Resistir la extralimitación de la mentalidad de facción es fundamental para evitar la corrupción del principio democrático. Debe existir, en gobernantes y gobernados, sentido suficiente de la unidad nacional. Sin alistarlo en la competición partidista. La institución monárquica es no sólo simbólica y representativa de la continuidad histórica de España sino funcional a estos efectos. España tiene suerte al contar en la Jefatura del estado con un Rey de todos, dedicado y comprometido con la Nación y su destino constitucional.

Recuerdo bien la campaña de 1996. Se usó contra nosotros la imagen del dóberman y el recuerdo de Franco: todo el arsenal de prejuicios y mentiras que desde entonces sigue disparándose. Algunos atribuyeron el margen escaso de aquella victoria al perfil moderado de nuestra campaña. No lo creo. Nos comportamos como un partido de gobierno y por eso llegamos al gobierno. Sorteando presiones para conformar un gobierno “técnico”, y maniobras para excluirme. Alguna vez me he referido a mi particular “Maura, no”, aludiendo, salvadas las distancias, al veto que sufrió don Antonio.

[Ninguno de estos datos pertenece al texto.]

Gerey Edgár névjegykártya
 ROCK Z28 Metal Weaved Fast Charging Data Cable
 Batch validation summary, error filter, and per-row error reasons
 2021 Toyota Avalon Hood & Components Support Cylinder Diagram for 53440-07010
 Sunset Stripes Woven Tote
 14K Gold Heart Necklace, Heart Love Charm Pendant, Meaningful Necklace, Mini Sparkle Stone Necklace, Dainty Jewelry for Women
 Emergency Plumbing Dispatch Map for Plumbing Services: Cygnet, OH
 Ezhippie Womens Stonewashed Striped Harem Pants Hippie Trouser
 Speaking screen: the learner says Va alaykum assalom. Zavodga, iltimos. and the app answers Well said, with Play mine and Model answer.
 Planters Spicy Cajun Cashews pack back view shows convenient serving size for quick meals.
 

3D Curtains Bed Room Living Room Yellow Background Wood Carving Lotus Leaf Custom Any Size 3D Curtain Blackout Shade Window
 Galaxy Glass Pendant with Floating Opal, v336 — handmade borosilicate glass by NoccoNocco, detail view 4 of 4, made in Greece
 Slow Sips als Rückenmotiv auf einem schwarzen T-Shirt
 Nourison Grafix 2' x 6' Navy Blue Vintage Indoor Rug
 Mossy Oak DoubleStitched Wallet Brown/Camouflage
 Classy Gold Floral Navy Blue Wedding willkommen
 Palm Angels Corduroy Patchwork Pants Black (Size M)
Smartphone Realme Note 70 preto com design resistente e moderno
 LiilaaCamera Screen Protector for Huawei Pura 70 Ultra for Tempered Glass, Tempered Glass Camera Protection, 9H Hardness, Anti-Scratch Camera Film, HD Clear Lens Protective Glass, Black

La evocación de Maura es pertinente, porque a él los tiros tampoco le venían solo por la izquierda. El integrismo que le acusaba de “mestizo” (esa extrema derecha se ahorraba los diminutivos) encontró réplica adecuada: “Es muy común la idea de que un partido conservador, un partido constitucional, monárquico, representa un temperamento medio, borroso e indiferente. Acontece todo lo contrario. Lo que pasa es que, en la complejidad de los problemas de la política, quienes mutilan la realidad son aquellos que la simplifican, porque no ven más que un aspecto: y esto les corresponde a los de la extrema derecha y a los de la extrema izquierda. (…) nosotros, somos mucho más respetuosos de la libertad y del derecho que las izquierdas, y no somos menos firmes en la defensa de nuestras creencias que las extremas derechas. Servimos mejor la causa de nuestras creencias, porque la servimos prácticamente, con todas nuestras fuerzas; fuerzas que ellos dividen e inutilizan entregando su causa, por tanto, al adversario, aunque tengan la conciencia limpia de intención y crean que mejor la sirven cuando más la hieren”.

Hoy también procede el deslinde entre los satisfechos de ser voz que grita sola en el desierto, para quedarse a vivir en él, y los que prefieren atravesarlo sabiendo a dónde van.

Atravesar desiertos suscitando adhesiones no es cuestión de brújula demoscópica, sino de liderazgo. No se trata de capturar votos flotantes abandonándose a las olas. Liderar significa influir en las corrientes de fondo que mueven la opinión. El voto flotante hará siempre honor a su nombre: flotará con la marea. También para influir en el corcho que flota, hay que generar primero la marea que lo levanta.

Veinticinco años después, no conozco otras recetas para la victoria.